When training an RNN, we perform **forward propagation through time** to calculate the output `ŷ` and compute the **loss**.

Then, to improve the model, we perform **Backpropagation Through Time (BPTT)** — where we compute the gradients of the loss **with respect to all parameters** and update them using gradient descent.

---

## 🎯 What Parameters Get Updated?

During BTT, we update the following:

- **W** → input-to-hidden weights  
- **Wʰ** → hidden-to-hidden weights (shared across time)  
- **V** → hidden-to-output weights  
- **b** → bias for hidden layer  
- **b_output** → bias for output layer

---

## 🧮 Gradient Flow using Chain Rule

Let’s say we process an input sequence across 3 time steps:
- t = 1 → `x₁`
- t = 2 → `x₂`
- t = 3 → `x₃`

And we compute:
- `h₁ = f(x₁ ⋅ W + b)`
- `h₂ = f(x₂ ⋅ W + h₁ ⋅ Wʰ + b)`
- `h₃ = f(x₃ ⋅ W + h₂ ⋅ Wʰ + b)`
- `ŷ = softmax(h₃ ⋅ V + b_output)`
- `L = loss(ŷ, y)`

---

    Time Steps →         t = 1             t = 2               t = 3

  Input x₁ₜ         →   [ x₁₁ ]           [ x₁₂ ]               [ x₁₃ ]
                       (input vector)    (input vector)     (input vector)

                          │                  │                  │
                         [W]                [W]                [W]
                          │                  │                  │
                        ┌────┐            ┌────┐            ┌────┐
     Hidden state hₜ →   │ h₁ │ ───[Wʰ]── →│ h₂ │ ───[Wʰ]───→│ h₃ │
                        └────┘            └────┘            └────┘
                                                               │
                                                              [V]
                                                               │
                                                       Output ŷ (softmax)

---
## 🔧 Step 1: Update Output Layer Weights (V)

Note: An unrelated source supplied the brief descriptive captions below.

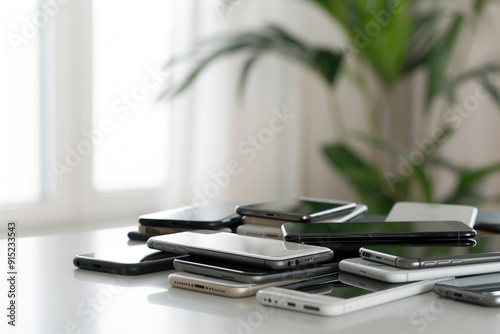 Variety of modern smartphones stacked on a white table with a blurred green plant in the background. Concepts of technology, communication devices, and contemporary lifestyle.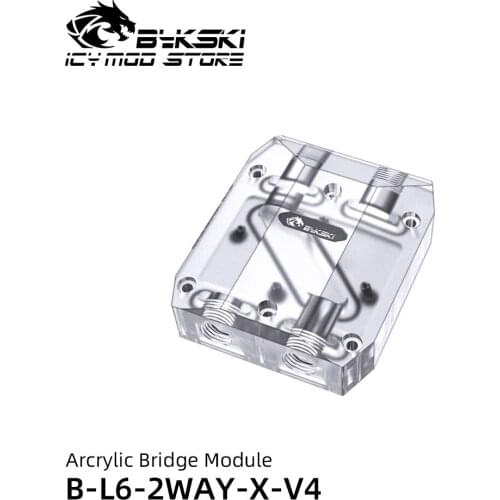 Bykski Video Cards Water Block Connector GPU Arcrylic Bridge Module PC Liquid Cooling System Graphics Card Bridge B-L6-2WAY-X-V4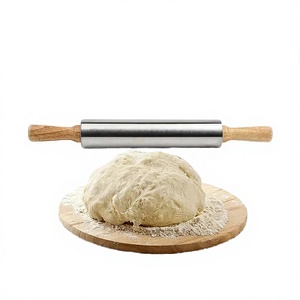Rouleau à pâtisserie en acier inoxydable avec motif chien, écologique, antiadhésif, manche en bois, longueur 33 cm, compatible lave-vaisselle, pour pâtisserie, pâte à pizza - Product Image 4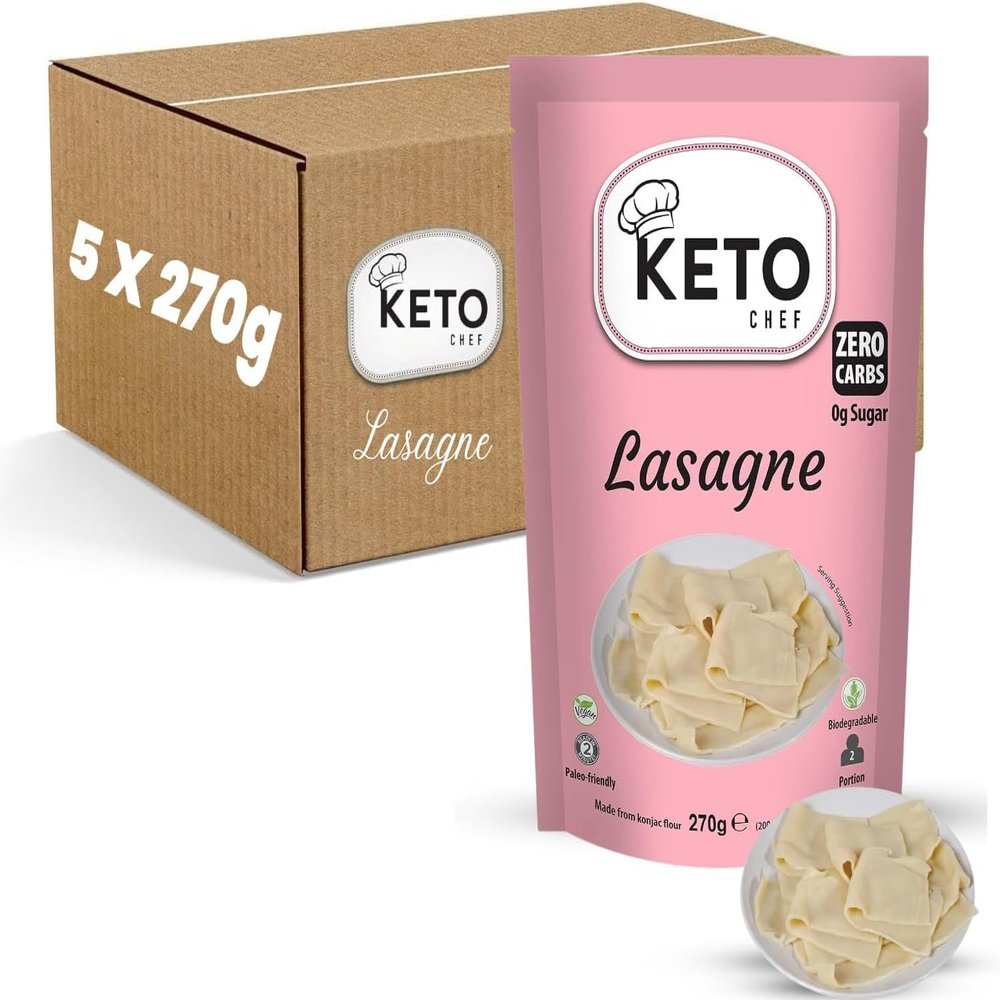 Keto Chef Vegan Lasagne Pasta Sheets (Pack of 5, 270g) - Konjac Instant Slim Pasta Sheet, Shirataki, Contain Zero Carbohydrates, Made from Free-from Flour, Paleo Friendly, Low Calorie Ready to Eat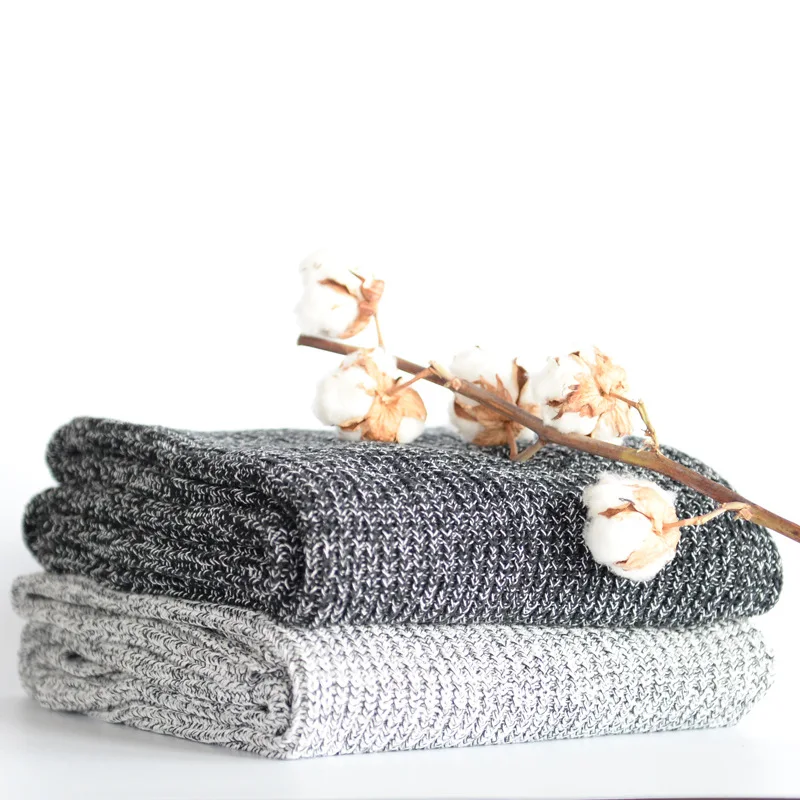 

Thin Sofa Throw Soft Air Conditioner Organic Cotton Knitted Blanket, Black/white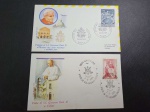 Itália/VATICANO, lote com 2 FDC's de 1979 e 1980, com CBC, "Visita do Papa João Paulo II a Velletri e Treviso". PF's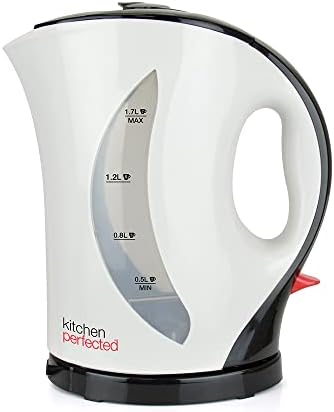 Kitchen Perfected 2000W 1.7L Electric Cordless Kettle - Dual Water Level Windows with Cup Indicators - Washable Filter ? On / Off Indicator Light -Automatic Safety Shut-Off - E1524BK - Black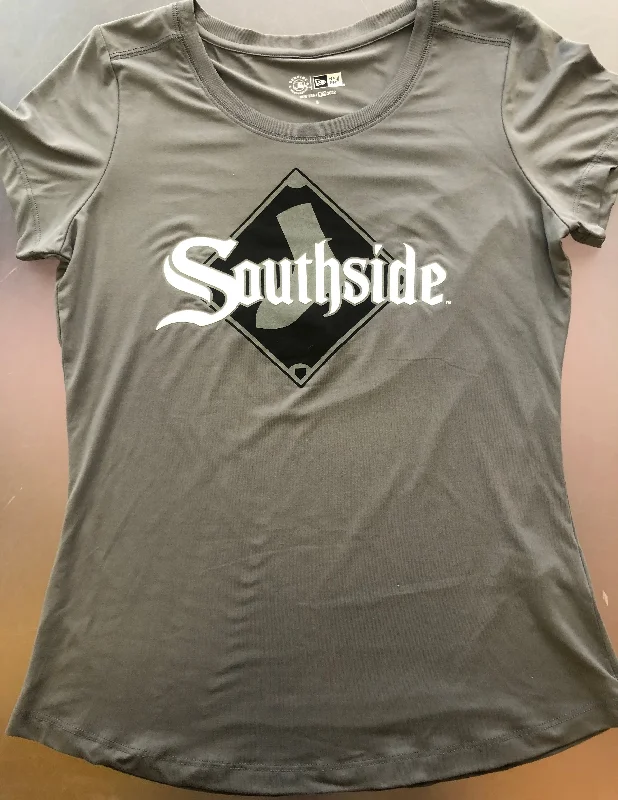 Chicago White Sox  Southside GREY T-Shirt Women's Chenille Brocade Lace Chenille Brocade Lace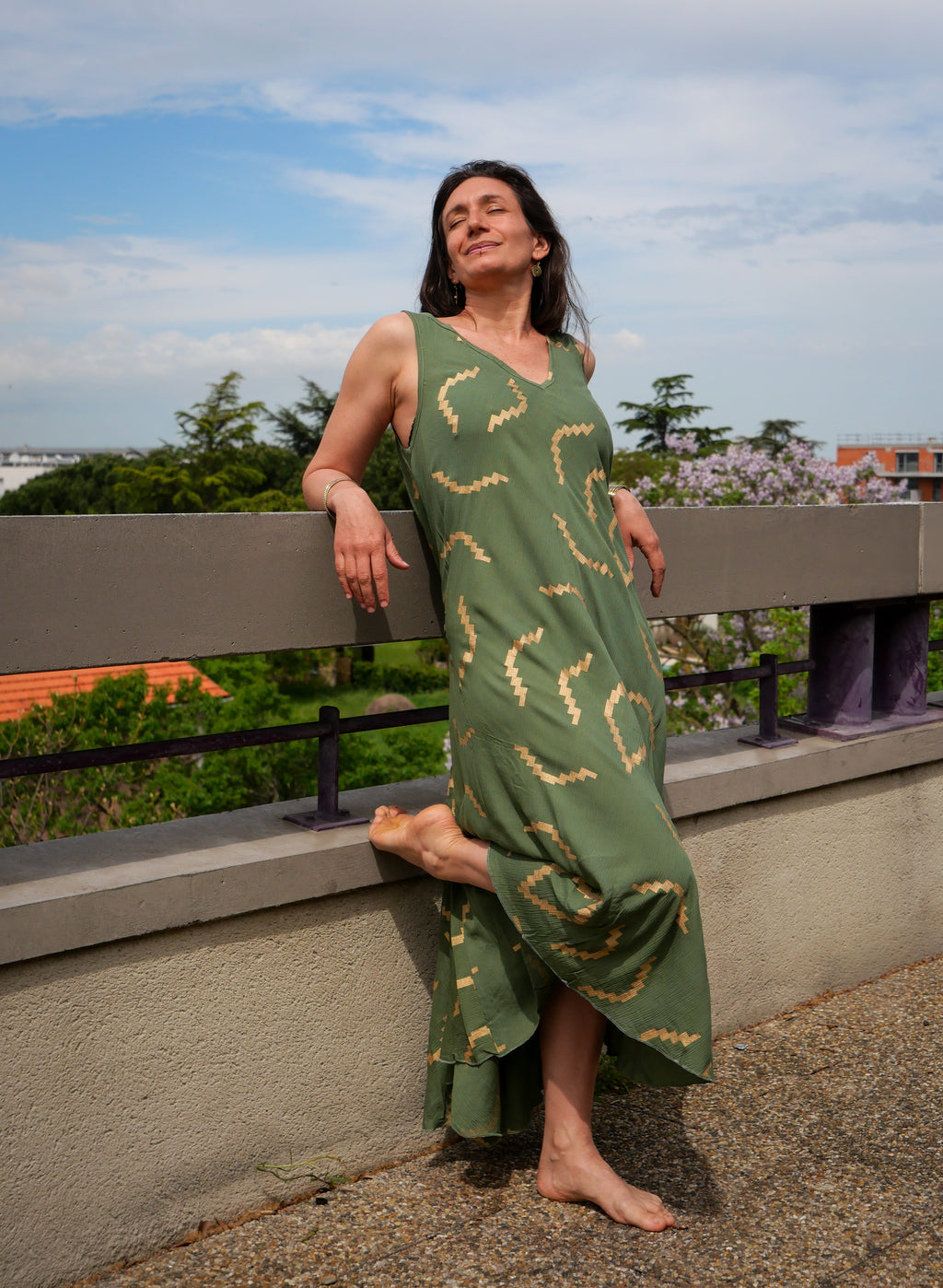 La Robe ZIGZAG - Vert Olive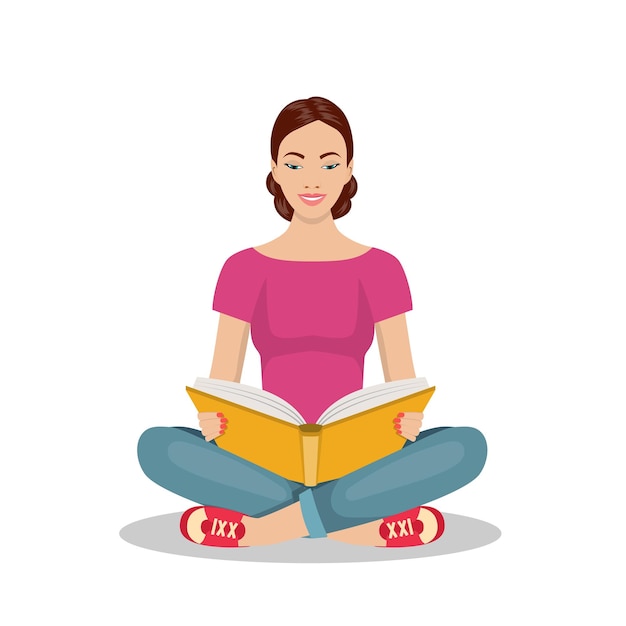 Jeune femme assise sur la pile de livres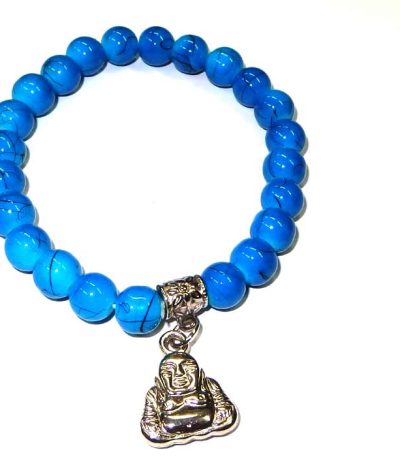 Blue Glass Buddha Bracelet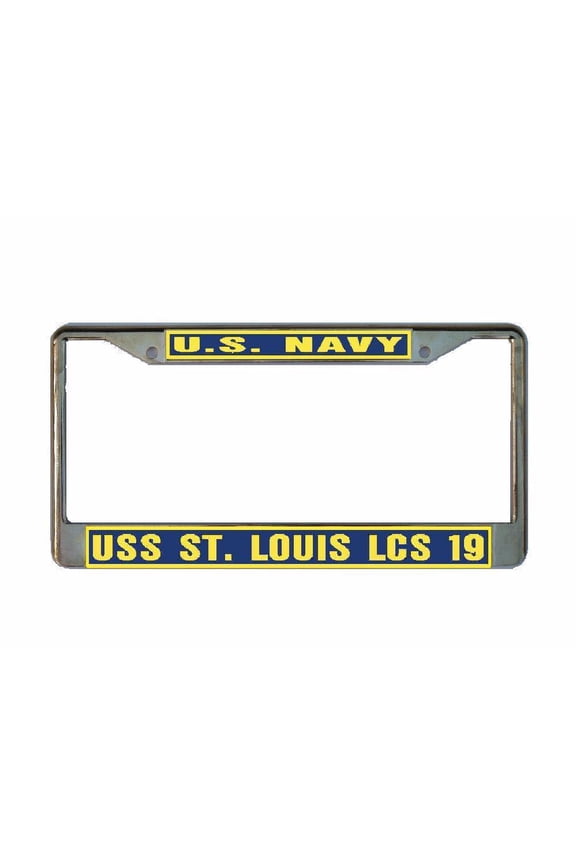 USS ST. LOUIS LCS 19 License Plate Frame Gold Chrome Metal Military Navy USN 1 Car Truck RV F001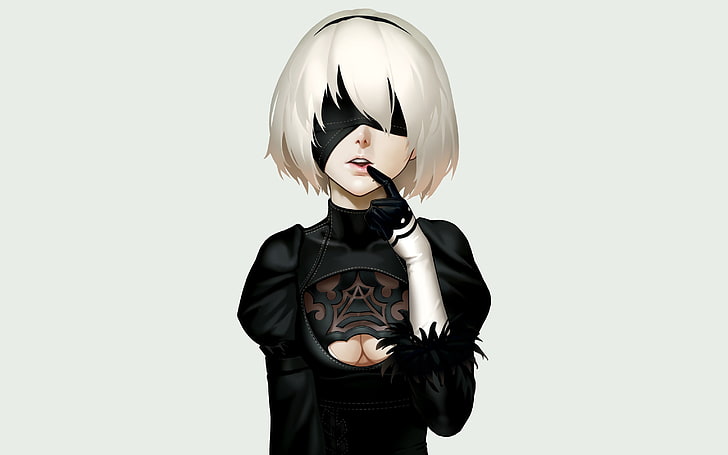 female anime character with black dress illustration, gloves
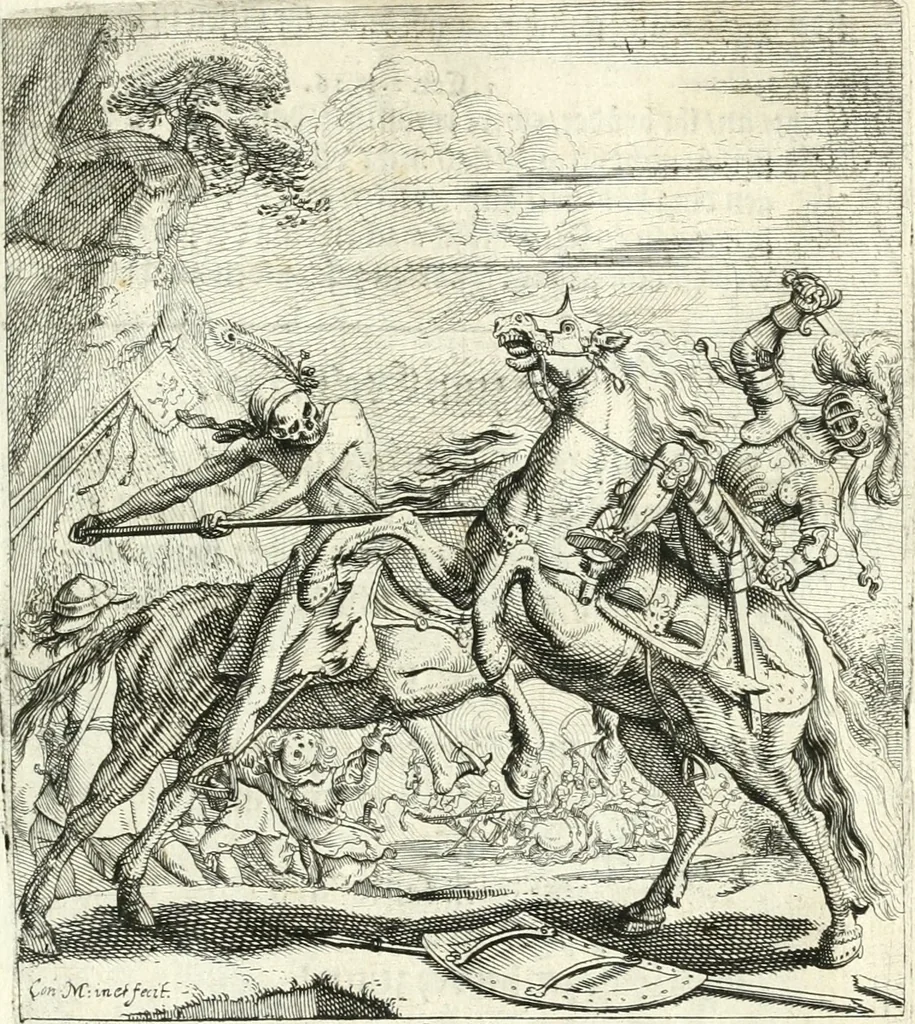 An illustration from Sterbensspiegel, das ist, Sonnenklare Vorstellung menschlicher Nichtigkeit durch alle Ständ und Geschlechter : vermitlest 60. dienstlicher Kupferblätteren, lehrzeicher Vberschrifften, und beweglicher zu vier stimmen aussgesetzter Todtengessängen, 1650, leaf 74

V is updated using formula:

V_new = V_old - η ⋅ ∂L/∂V_old

where - `η` is the **learning rate**
- Controls **how big a step** we take in the direction of the gradient
- A small `η` (e.g., 0.0001) means slow learning; large `η` can lead to overshooting


---

## 🔧 Step 2: Update Hidden-to-Hidden Weights (Wʰ)

Wʰ is **reused across time steps**, so its gradient is the **sum of contributions from each time step**.

So, here we calculate:

Wʰ_new = Wʰ_old - η ⋅ ∂L/∂Wʰ_old


---

## 🔧 Step 3: Update Input-to-Hidden Weights (W)

Similar to Wʰ, we use formula:

W_new = W_old - η ⋅ ∂L/∂W

## ✅ Summary of BTT Steps

1. Perform **forward pass** to compute all `hₜ`, final output `ŷ`, and loss `L`
2. Compute gradients of `L` w.r.t.:
   - Output layer weights `V`
   - Hidden-to-hidden weights `Wʰ` (shared across time)
   - Input-to-hidden weights `W`
   - Biases
3. Use **chain rule** to propagate loss **back through time**
4. Update all weights using **gradient descent**

---

## 🔁 Reminder: This Happens for Every Sequence During Training

The above gradient flow happens for **each training sample (sequence)** during every epoch.

Weights get updated → Output improves → Loss reduces → Model learns.